++++ Records for this task
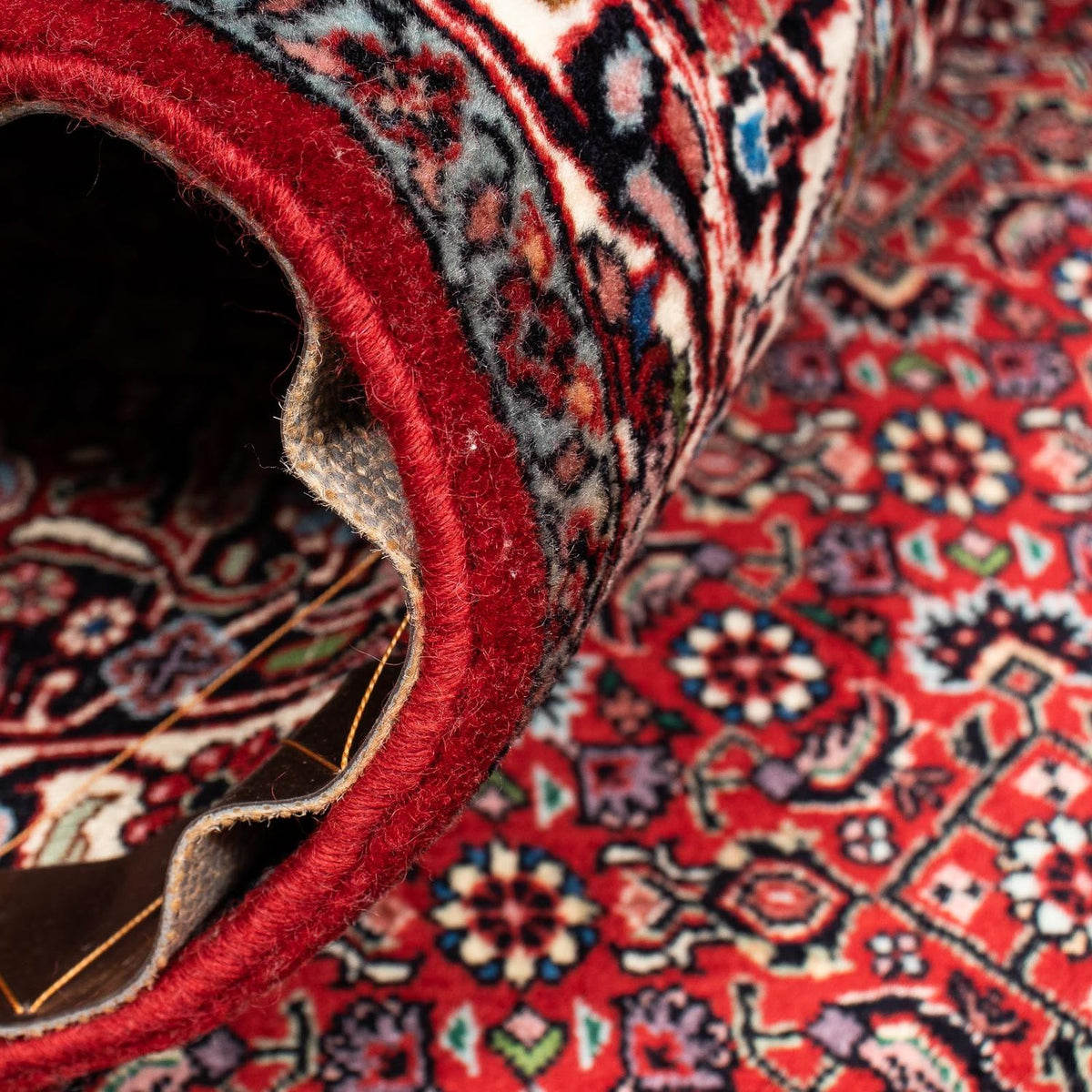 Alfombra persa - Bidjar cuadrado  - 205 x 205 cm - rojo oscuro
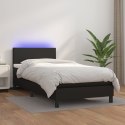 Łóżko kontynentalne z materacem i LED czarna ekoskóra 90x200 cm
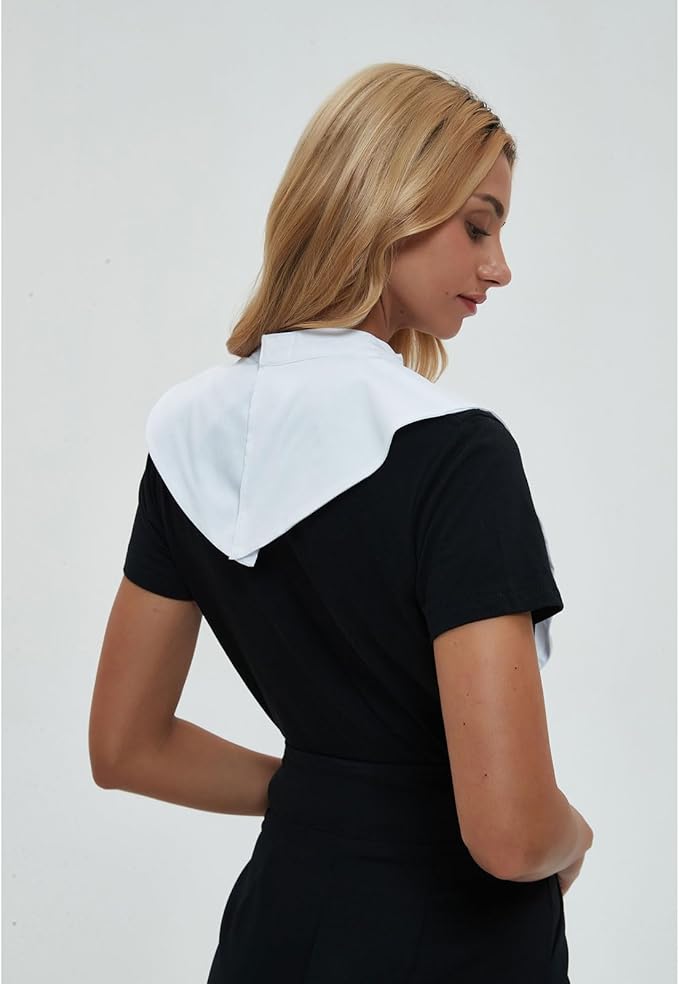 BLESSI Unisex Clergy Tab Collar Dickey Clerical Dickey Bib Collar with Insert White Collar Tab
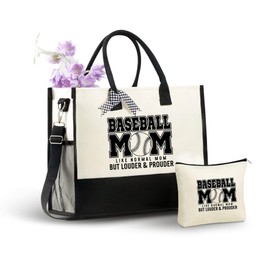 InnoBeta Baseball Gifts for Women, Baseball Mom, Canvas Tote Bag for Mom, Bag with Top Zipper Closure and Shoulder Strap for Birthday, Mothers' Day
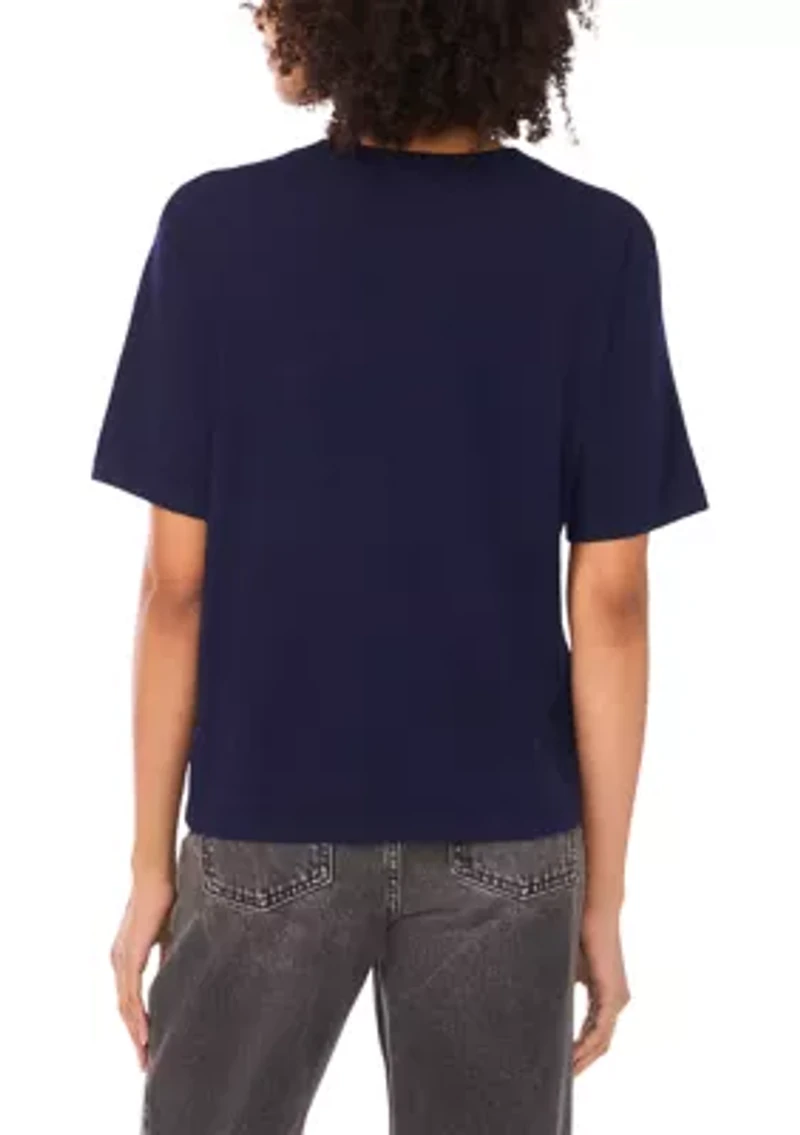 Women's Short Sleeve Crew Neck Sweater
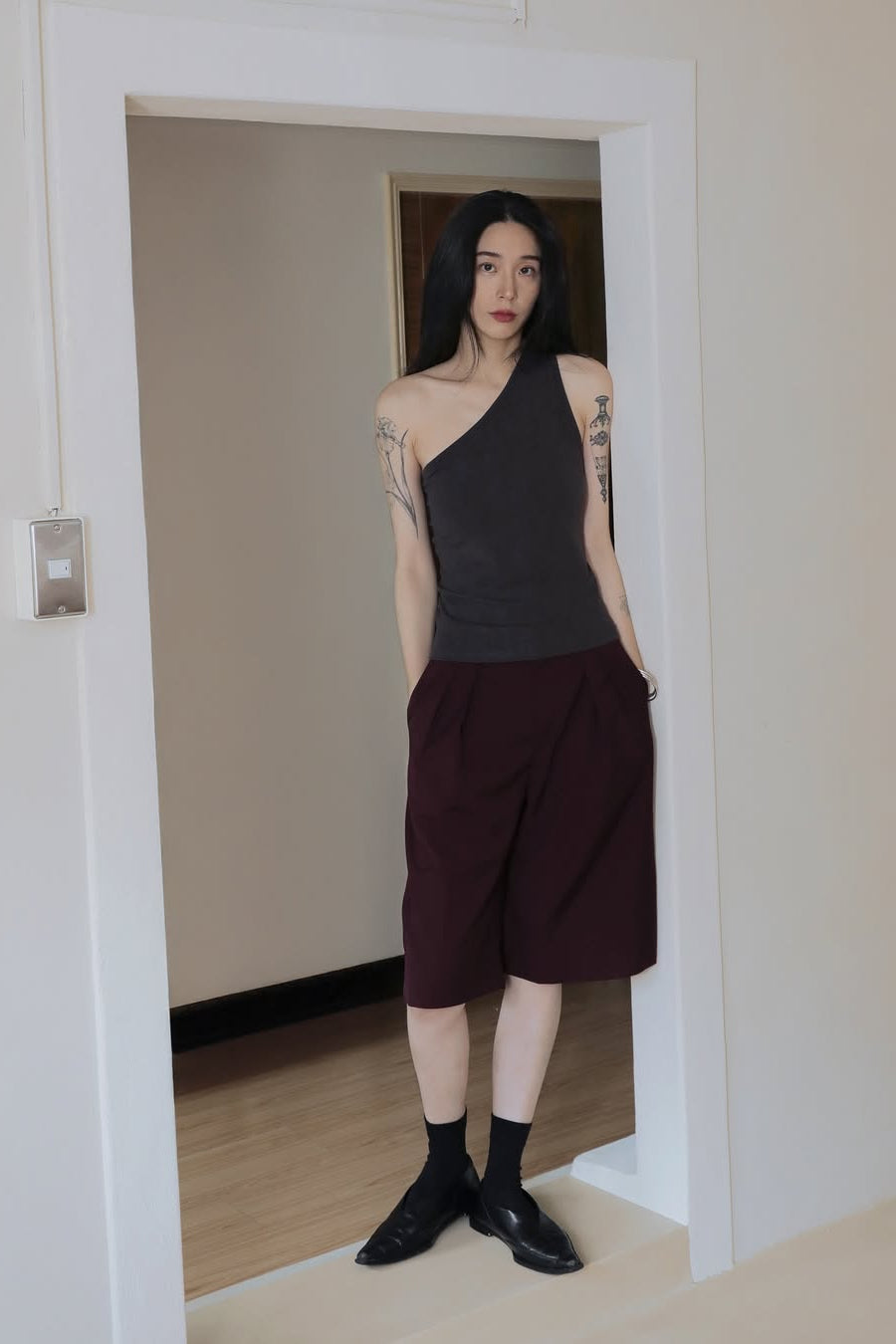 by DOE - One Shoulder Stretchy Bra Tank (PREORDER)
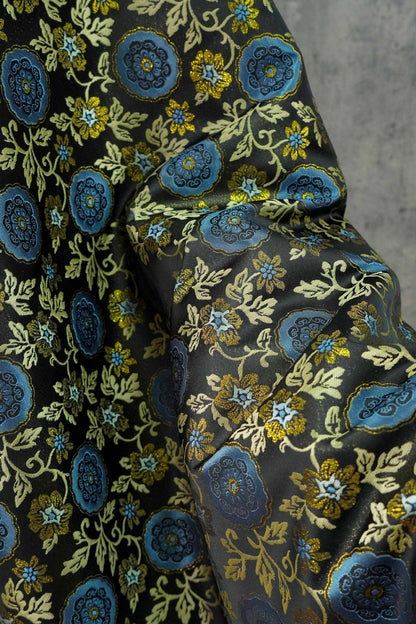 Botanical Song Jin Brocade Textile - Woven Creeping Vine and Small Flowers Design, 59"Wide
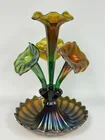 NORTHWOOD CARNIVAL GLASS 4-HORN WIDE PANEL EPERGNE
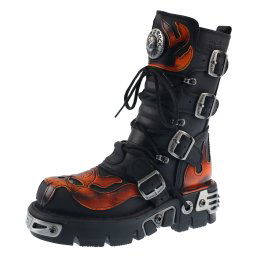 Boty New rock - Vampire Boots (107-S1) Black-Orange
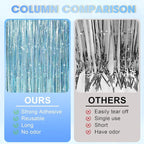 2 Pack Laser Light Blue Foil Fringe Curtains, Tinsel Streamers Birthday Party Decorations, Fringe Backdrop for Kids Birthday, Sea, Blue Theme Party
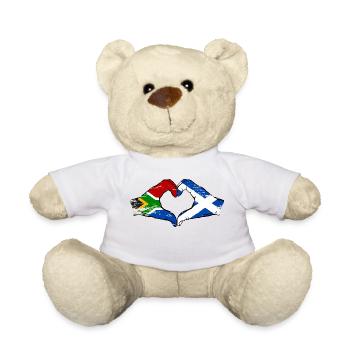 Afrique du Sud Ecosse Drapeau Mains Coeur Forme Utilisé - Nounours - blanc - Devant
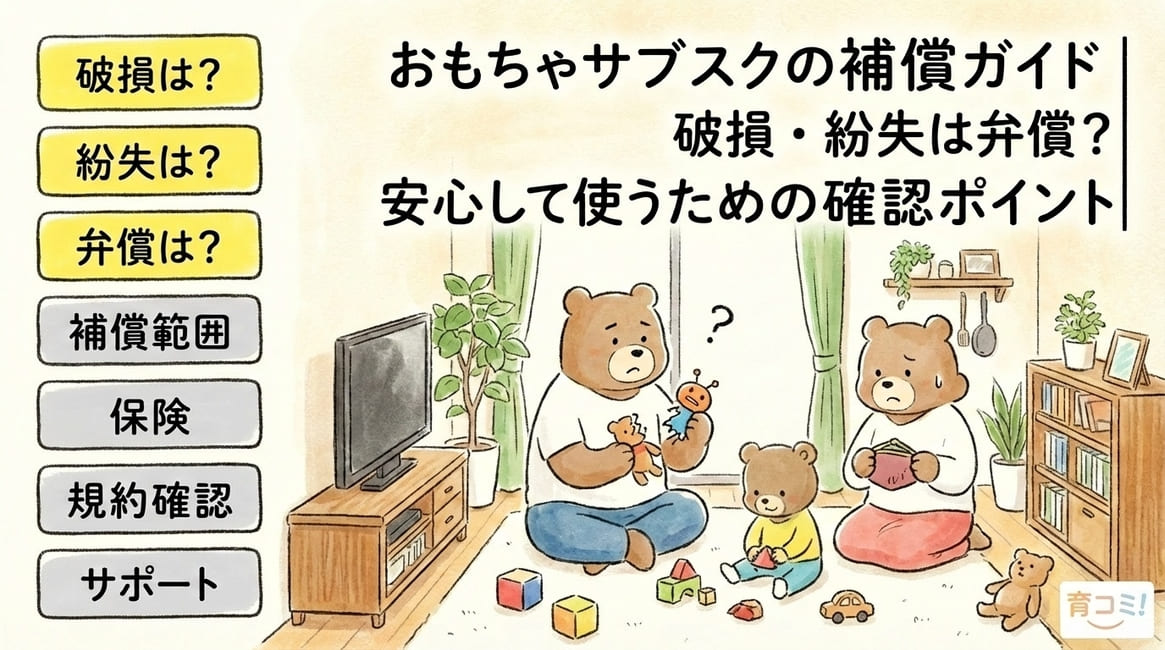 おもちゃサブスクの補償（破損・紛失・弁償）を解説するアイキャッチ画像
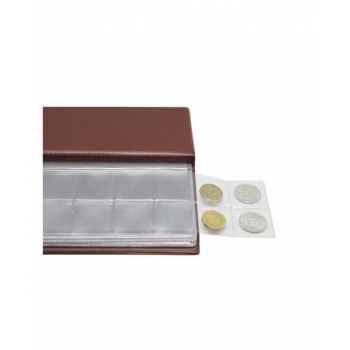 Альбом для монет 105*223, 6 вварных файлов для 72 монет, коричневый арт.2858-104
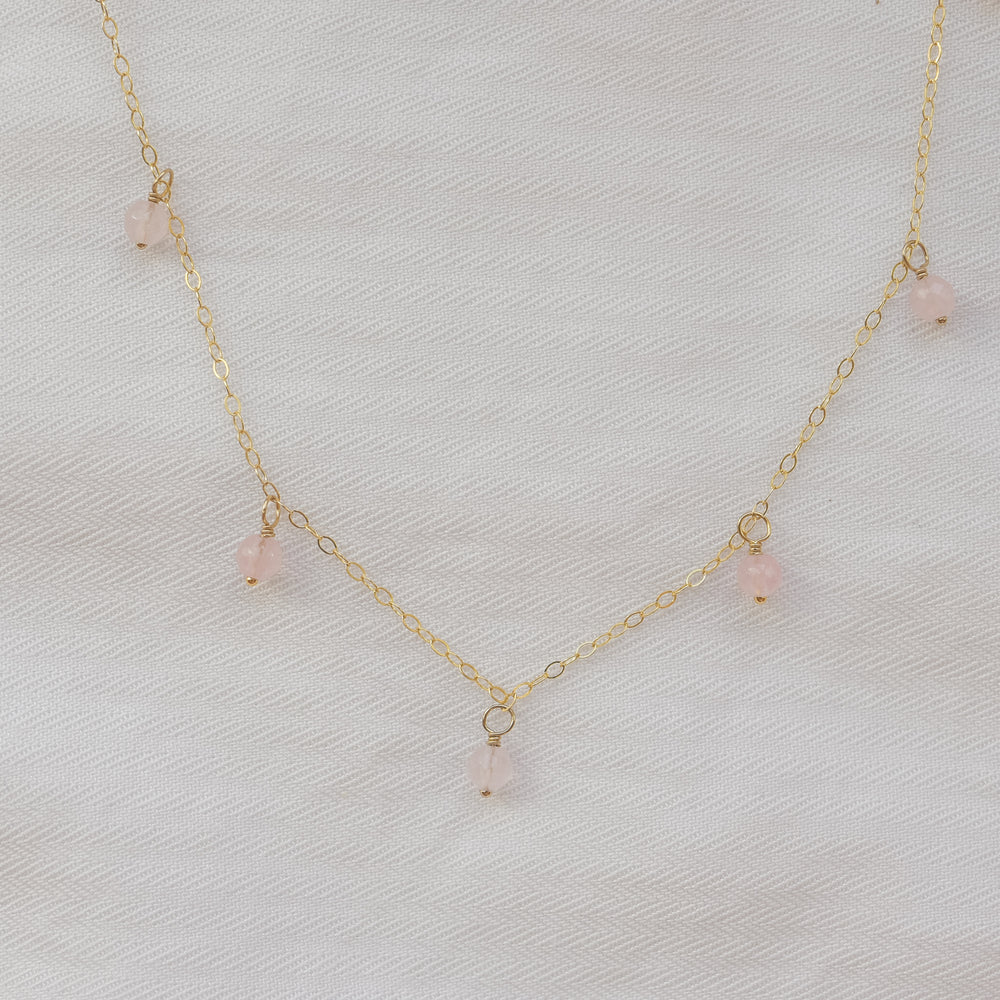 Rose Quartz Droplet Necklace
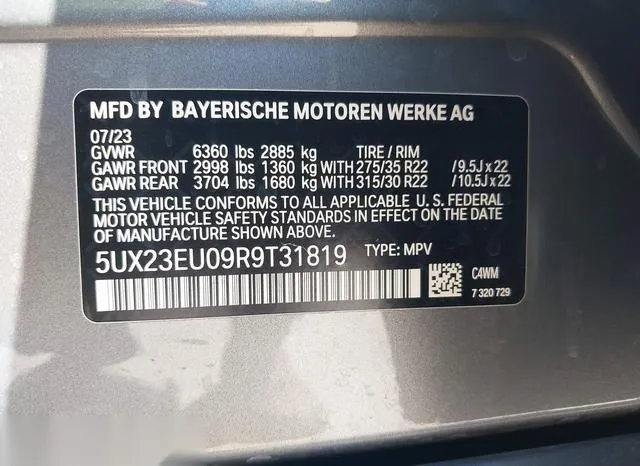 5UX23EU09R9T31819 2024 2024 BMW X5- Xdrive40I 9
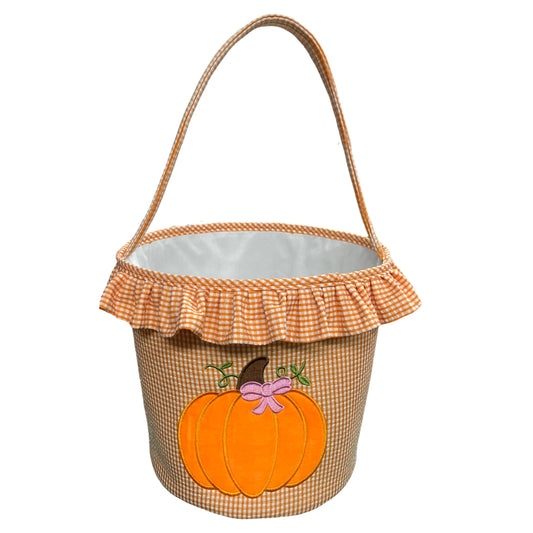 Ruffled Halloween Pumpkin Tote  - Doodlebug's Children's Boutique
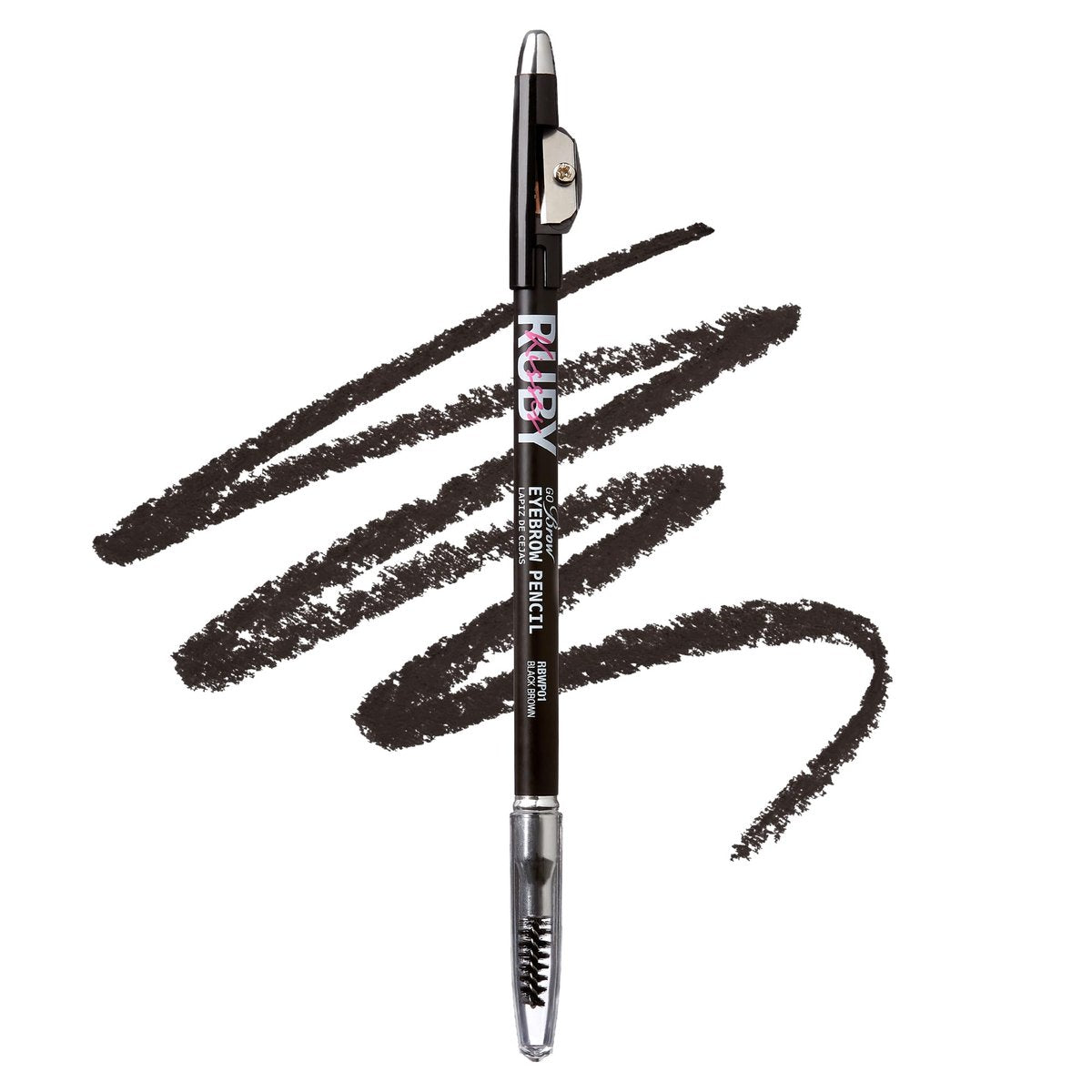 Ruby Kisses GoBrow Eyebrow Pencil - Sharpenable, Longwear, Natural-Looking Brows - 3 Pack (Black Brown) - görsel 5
++++++++
(Task prompt): Repeat each entry exactly as it appears; skip any picture.

(Solution to the exercise):
 Alfombra persa - Bidjar cuadrado  - 205 x 205 cm - rojo oscuro
 Łóżko kontynentalne z materacem i LED czarna ekoskóra 90x200 cm
 BLESSI Unisex Clergy Tab Collar Dickey Clerical Dickey Bib Collar with Insert White Collar Tab
 InnoBeta Baseball Gifts for Women, Baseball Mom, Canvas Tote Bag for Mom, Bag with Top Zipper Closure and Shoulder Strap for Birthday, Mothers' Day
 Women's Short Sleeve Crew Neck Sweater
 by DOE - One Shoulder Stretchy Bra Tank (PREORDER)
 Botanical Song Jin Brocade Textile - Woven Creeping Vine and Small Flowers Design, 59"Wide
 NORTHWOOD CARNIVAL GLASS 4-HORN WIDE PANEL EPERGNE
 Boty New rock - Vampire Boots (107-S1) Black-Orange
 2 Pack Laser Light Blue Foil Fringe Curtains, Tinsel Streamers Birthday Party Decorations, Fringe Backdrop for Kids Birthday, Sea, Blue Theme Party
 Afrique du Sud Ecosse Drapeau Mains Coeur Forme Utilisé - Nounours - blanc - Devant
 おもちゃサブスクの補償（破損・紛失・弁償）を解説するアイキャッチ画像
 Альбом для монет 105*223, 6 вварных файлов для 72 монет, коричневый арт.2858-104
 Rose Quartz Droplet Necklace
 5UX23EU09R9T31819 2024 2024 BMW X5- Xdrive40I 9
 Ruffled Halloween Pumpkin Tote  - Doodlebug's Children's Boutique
 Ruby Kisses GoBrow Eyebrow Pencil - Sharpenable, Longwear, Natural-Looking Brows - 3 Pack (Black Brown) - görsel 5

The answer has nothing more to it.